I am pleased to post a blog I wrote for Philadelphia Business Journal on the dangers of turning serious issues into parodies: http://www.bizjournals.com/philadelphia/morning_roundup/2016/02/adele-25-hello-encourages-stalking-duane-morris.html 

I love the Adele song Hello. I have listened to it over and over and over again. I was disappointed not to hear her sing it last night at the Grammy awards.

But now I am relieved since I know the painful truth. Adele is “normalizing stalking.”

At least that’s what a group of students have claimed at the University of Oklahoma with support from at least one spokesperson from the University. How can this be?

In retrospect, it should have been obvious to me. The song includes the phrase: “I must have called a thousand times.”

Put aside the fact that Adele makes clear the person was never home. And, she never suggests that she even left a message.
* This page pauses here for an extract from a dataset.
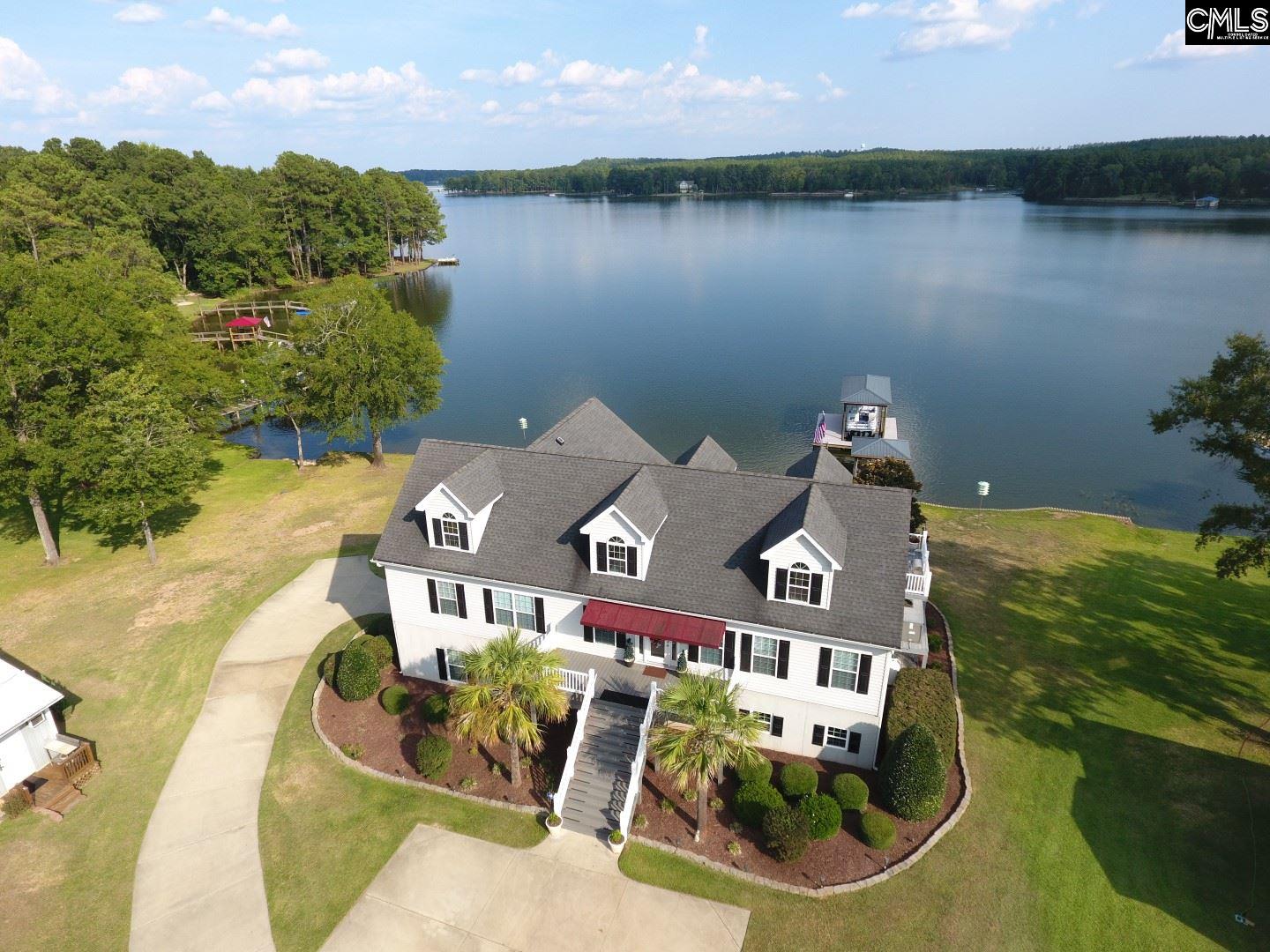 967 Dutchman Winnsboro, SC 29180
Sometimes facts get in the way when you look to make an issue when there is none.

But Adele is not alone. In Olivia Newton-John’s I Honestly Love You, she plaintively sings: “Maybe I hang around here a little more than I should.” Clearly, she, too, is normalizing stalking.

Stalking is an incredibly serious issue. It inflicts physical, emotional and financial harm.
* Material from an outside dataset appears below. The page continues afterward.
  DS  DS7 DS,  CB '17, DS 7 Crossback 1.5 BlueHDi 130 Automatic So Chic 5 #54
Stalking is also often accompanied by verbal and physical harassment. It is hideous.

When we focus on Hello, we turn a deadly serious topic into what sounds like a Saturday Night Live skit. By going to the extreme, we turn tragedy into parody.

Sadly, this phenomenon is not limited to Hello. There are more than a few examples of groups on college and university campuses morphing sensitivity into satire.

We need to take serious issues seriously. And, that means speaking out against those who make a mockery of them.